Where once fat was the enemy, our focus has shifted to sugar, which is now seen as the real culprit behind our obesity epidemic – but is a sugar tax the solution? The only comparison we can make is the government’s war against smoking, with their chief battle plan to make the cost of smoking so prohibitive that people will be forced to quit because of the expense. But, is it working? Well, apparently it is – between 2010 and 2014 there was an annual 6% drop in the amount of people smoking.
Our supermarket aisles are loaded with sugary items – from carbonated drinks to breakfast cereals, sweets, biscuits and cakes. It is estimated that most children consume about 17 teaspoons of sugar a day – (the recommended intake is six) and there is no doubt we are all eating and drinking too much sugar. Sugar is linked to higher incidences of chronic conditions such as diabetes, stroke, cancer and heart disease, and dental conditions such as gum disease and tooth decay. We can all agree that obesity and chronic diseases are the greatest health challenges facing this country.
A Christchurch doctor, asked what he thought of the benefits of a proposed sugar tax, compared it to his experience in assisting his patients to give up smoking. When asked why they wanted to give up smoking, the majority of his patients said it was not because of their on-going health issues, not because of a fear of cancer, or their chronic cough – it was the financial cost that their habit was having on their lives. It is easy enough to ignore the possibility of lung cancer and emphysema – but the real and present economic issues of paying $25.00 a day for cigarettes for the pack-a-day smoker is forcing them make the hard decision to stop.
Taxing tobacco is working in this country – with double sided benefits. The tax makes smoking expensive, therefore people can’t afford to smoke – and the revenue gained from the tax provides the government with the funds to take care of the medical issues of those who choose not to stop.
A sugar tax was introduced in California three years ago, which has resulted in a 20% reduction in the sales of fizzy and sugar laden drinks – compared to an average increase of 4% in the rest of the United States.

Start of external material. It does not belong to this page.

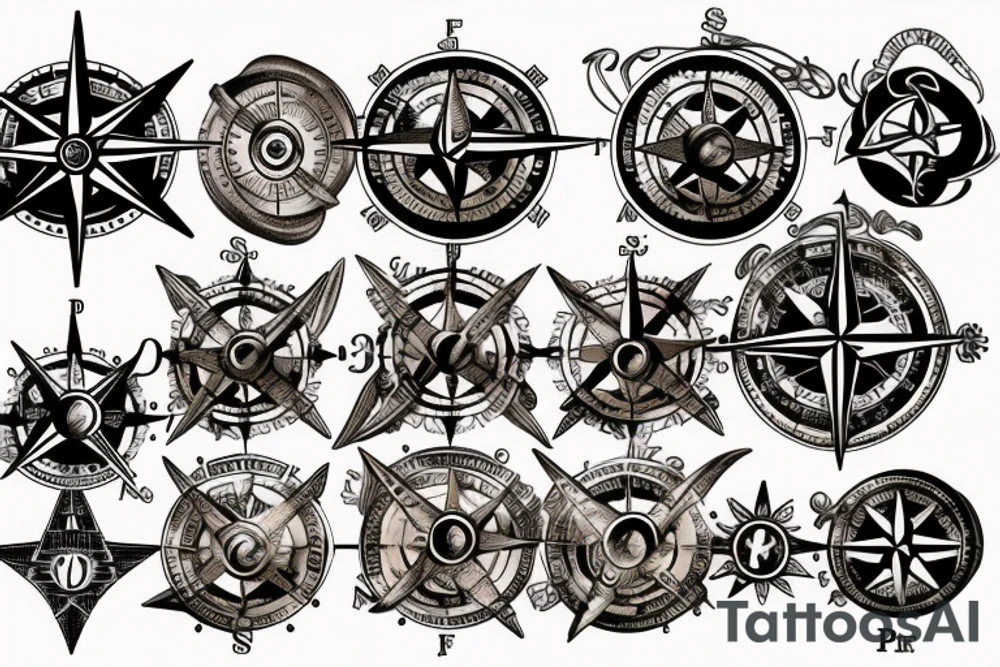 Steam punk compass rose tattoo idea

Will it work in New Zealand? We may not get the opportunity to find out, if the civil libertarians have their way – arguing that we all have personal choice, why can’t we choose to enjoy a cold can of soft drink on a hot day, or tuck into a sugary breakfast cereal to kick start the morning?
Another argument against the tax is that it is a blunt policy tool that affects the entire population, but will probably affect the lower socio-economic groups more. The highest consumers of sugar are the young and the poor, because food and beverages with high sugar levels tend to be cheaper.

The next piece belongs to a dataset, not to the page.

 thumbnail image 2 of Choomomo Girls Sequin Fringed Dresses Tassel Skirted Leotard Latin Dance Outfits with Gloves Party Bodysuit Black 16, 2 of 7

The government are holding back on any decision, saying they are waiting for ‘definitive evidence’ on the benefits of a tax – but is seems this evidence is unobtainable. There is evidence – but not definitive enough apparently. Why are they waiting – we all know a sugar tax is not going to cure the obesity crisis in New Zealand, but it is a step in the right direction, and probably the most effective approach we can take.